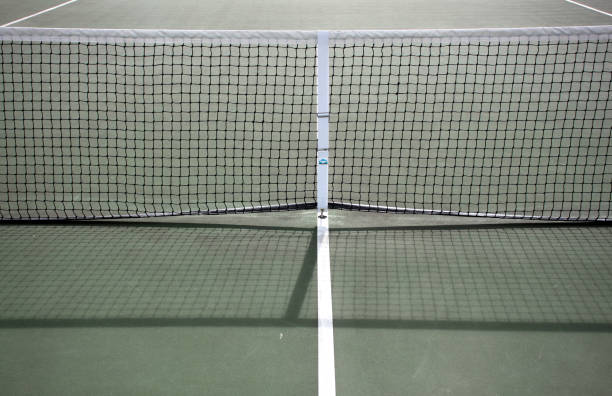 istock Various angles of green tennis courts with white stripes and nets 1240261744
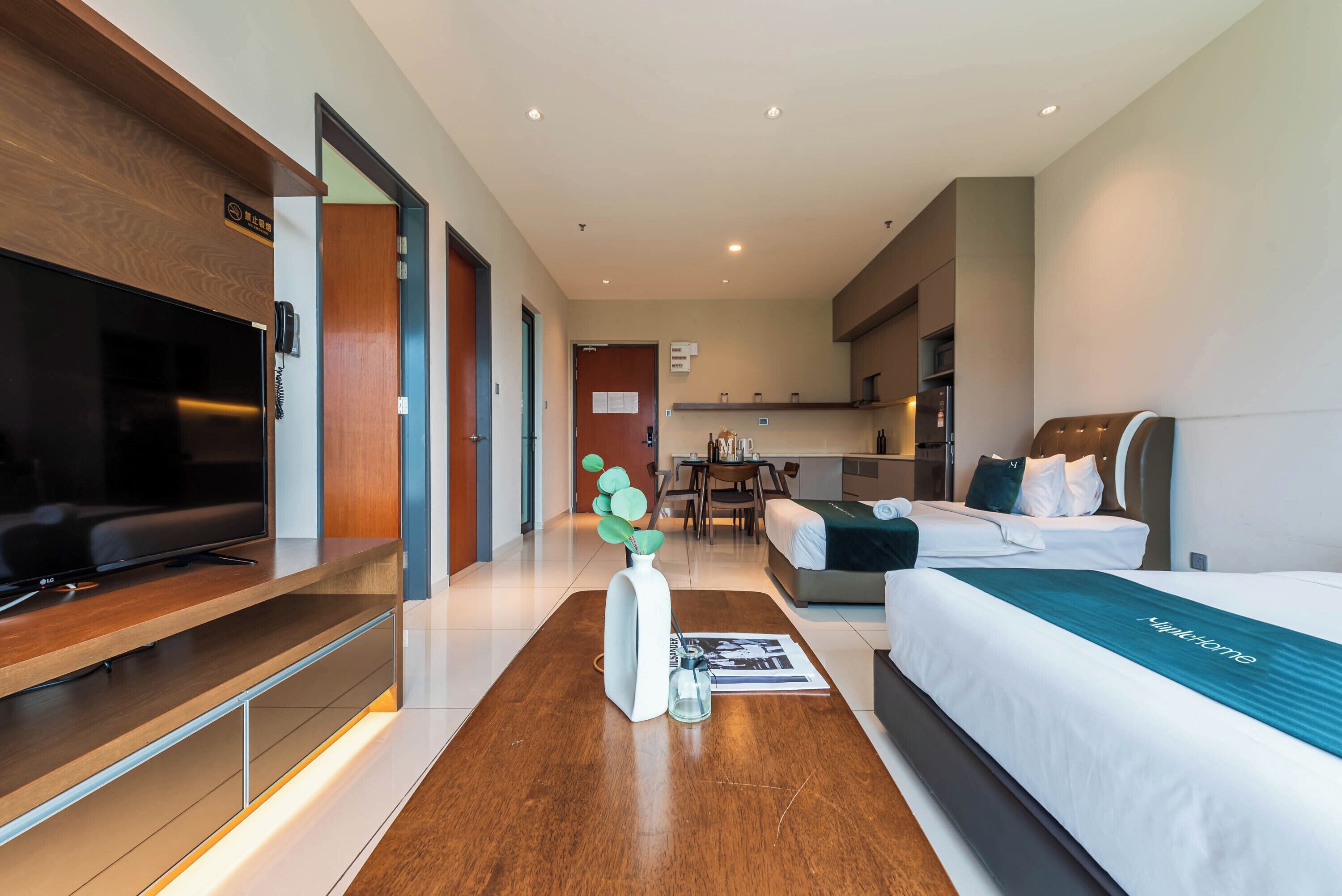 A hotel room with a flat-screen TV, a bed with a teal bedspread, a sofa, a dining table with chairs, and a small kitchen area.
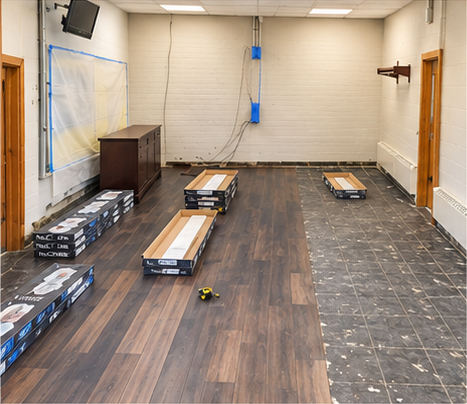 Partially installed brown wood-look planks beside exposed dark flooring, with open boxes and tools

> **WHAT YOU WILL DO**
An exact copy of all the data above is required; omit any pictures.

> **EXPECTED ANSWER**
 istock Various angles of green tennis courts with white stripes and nets 1240261744
 A hotel room with a flat-screen TV, a bed with a teal bedspread, a sofa, a dining table with chairs, and a small kitchen area.
 Partially installed brown wood-look planks beside exposed dark flooring, with open boxes and tools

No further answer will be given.